There are two types of Chinese steamed rice cake– one is made from pure rice flour (with large spongy like holes) and the other one is made with rice flour and plain flour (with small holes). Although the ingredients are similar, the two types of steamed rice cakes are different. Pure rice flour rice cake, also known as Bai Tang Gao in mandarin and Bak Tong Gao in Cantonese, is fluffy and chewy. Usually Bai Tang Gao is served after cooling down. However rice fa gao should be served when still warm. This post introduces steamed rice fa gao firstly and then Bai tang gao recipe will come later in next recipe.
In China, this is usually served as a dessert as breakfast or between meals. My favorite serving way is with tea as those rice cakes are a little bit too sweet for me.

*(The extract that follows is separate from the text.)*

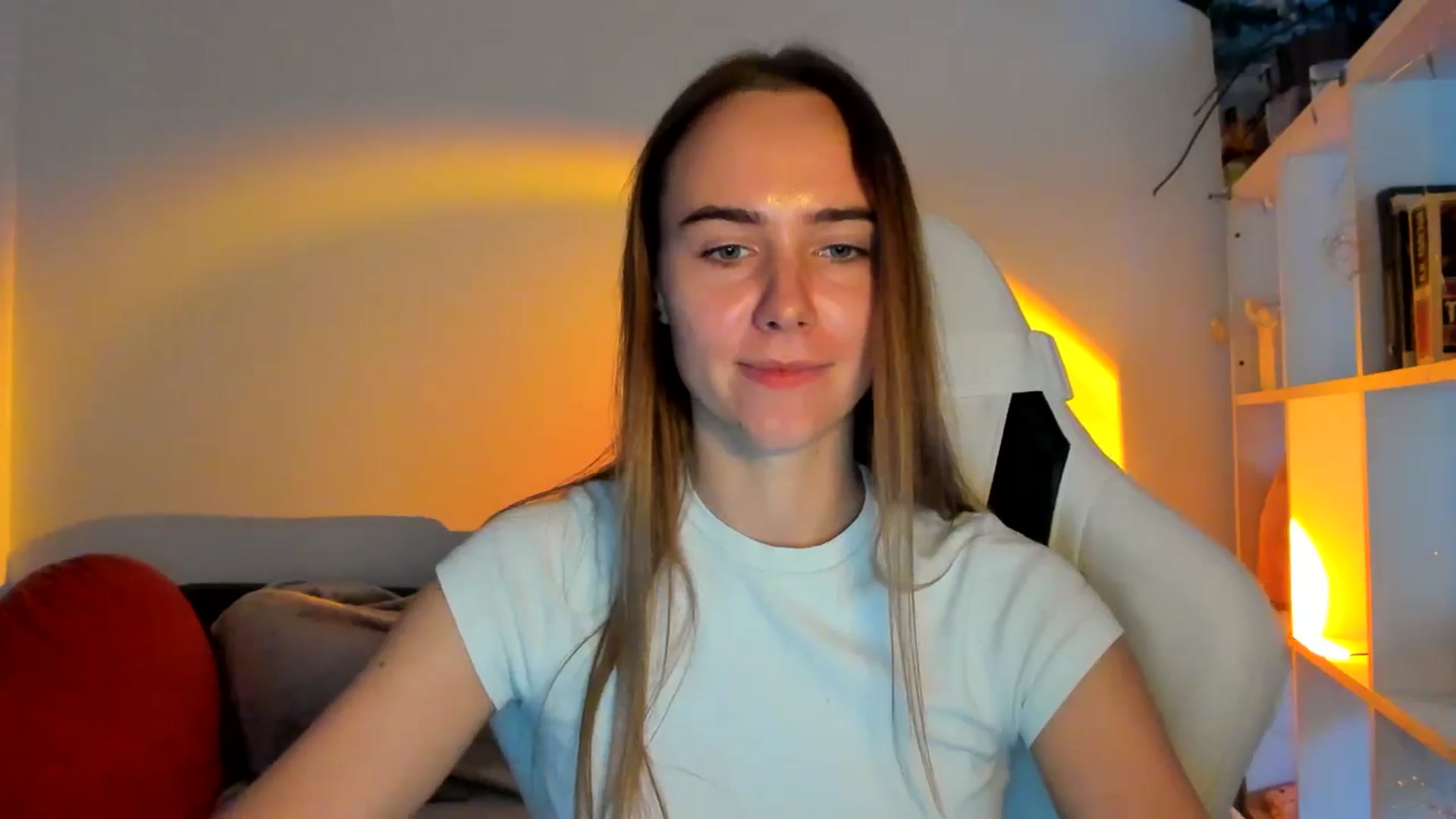 Gallery image thumbnail from OhAlisa's myfreecams stream on, 10/06/2025, 17:07 image 4 of 20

- 250g water milled rice flour
- 50g plain flour
- 120g to 150g sugar
- 210ml-220ml hot water
- 5g instand yeast
- Oil for brushing
- Dissolve sugar in hot water and set aside to cool down to warm or room temperature (under 38 degree C)

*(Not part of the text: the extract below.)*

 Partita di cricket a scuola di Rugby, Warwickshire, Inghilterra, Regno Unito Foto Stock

- Mix rice flour, flour and yeast in a large mixing bowl and stir in sugar liquid. Combine and mix well.
- Set aside to ferment for 2-4 hours based on the temperature. It takes me 2.5 hours in room temperature around 25-28 degree C until there are lots of small bubbles on the surface and the batter rises twice.
- Brush the moulds with oil and scoop the liquid to full 80% full. Bring water to boil in wok and then steam the cakes for 20 minutes over high fire.
- Wait for 5 minutes, transfer out, cool down slightly and de-mould when still warm.
- This cake should be served warm. Reheat before serving if necessary.